RECORDED DATA:
▼▼▼
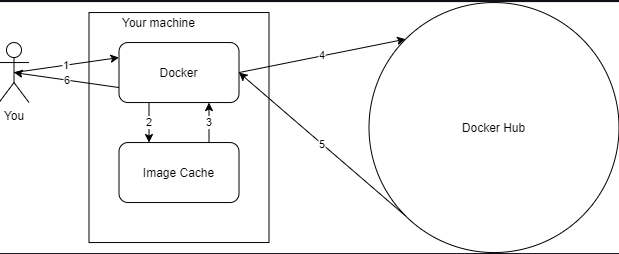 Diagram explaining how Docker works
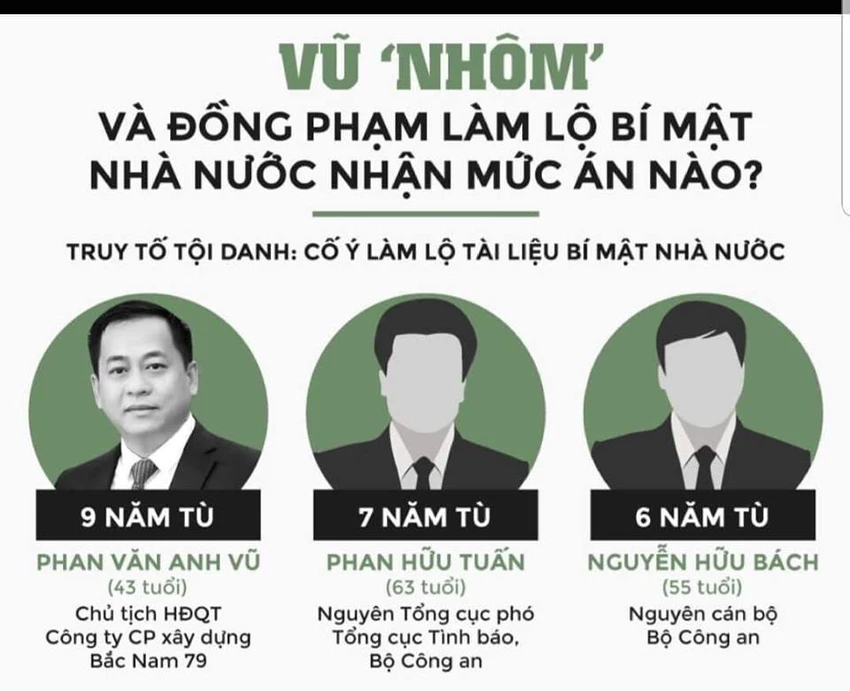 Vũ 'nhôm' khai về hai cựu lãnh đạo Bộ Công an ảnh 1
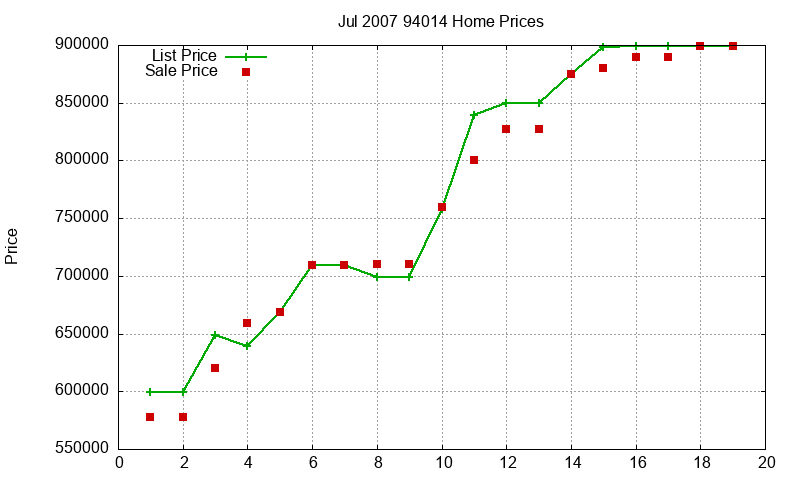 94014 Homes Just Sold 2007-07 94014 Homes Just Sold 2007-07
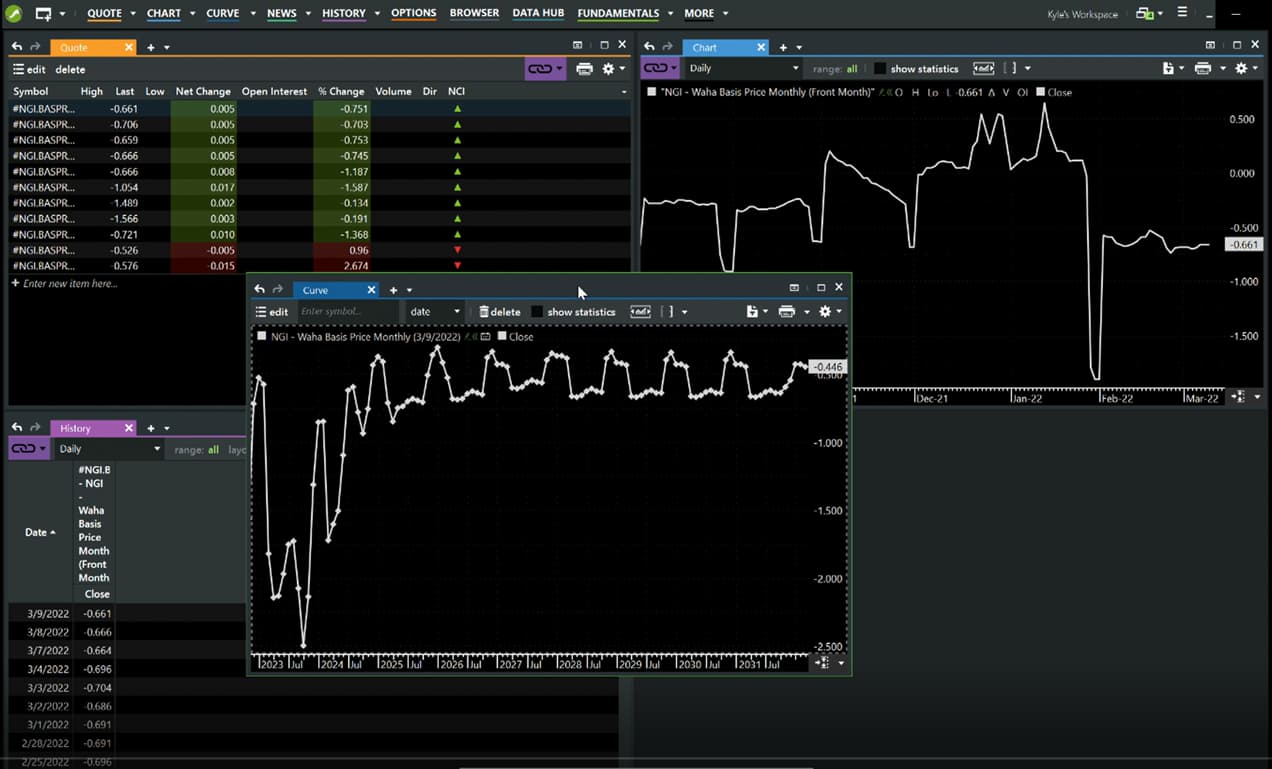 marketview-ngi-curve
▲▲▲
TASK PROMPT: For this exercise, return the material word for word and drop each image.

EXERCISE RESPONSE:
 Diagram explaining how Docker works
 Vũ 'nhôm' khai về hai cựu lãnh đạo Bộ Công an ảnh 1
 94014 Homes Just Sold 2007-07 94014 Homes Just Sold 2007-07
 marketview-ngi-curve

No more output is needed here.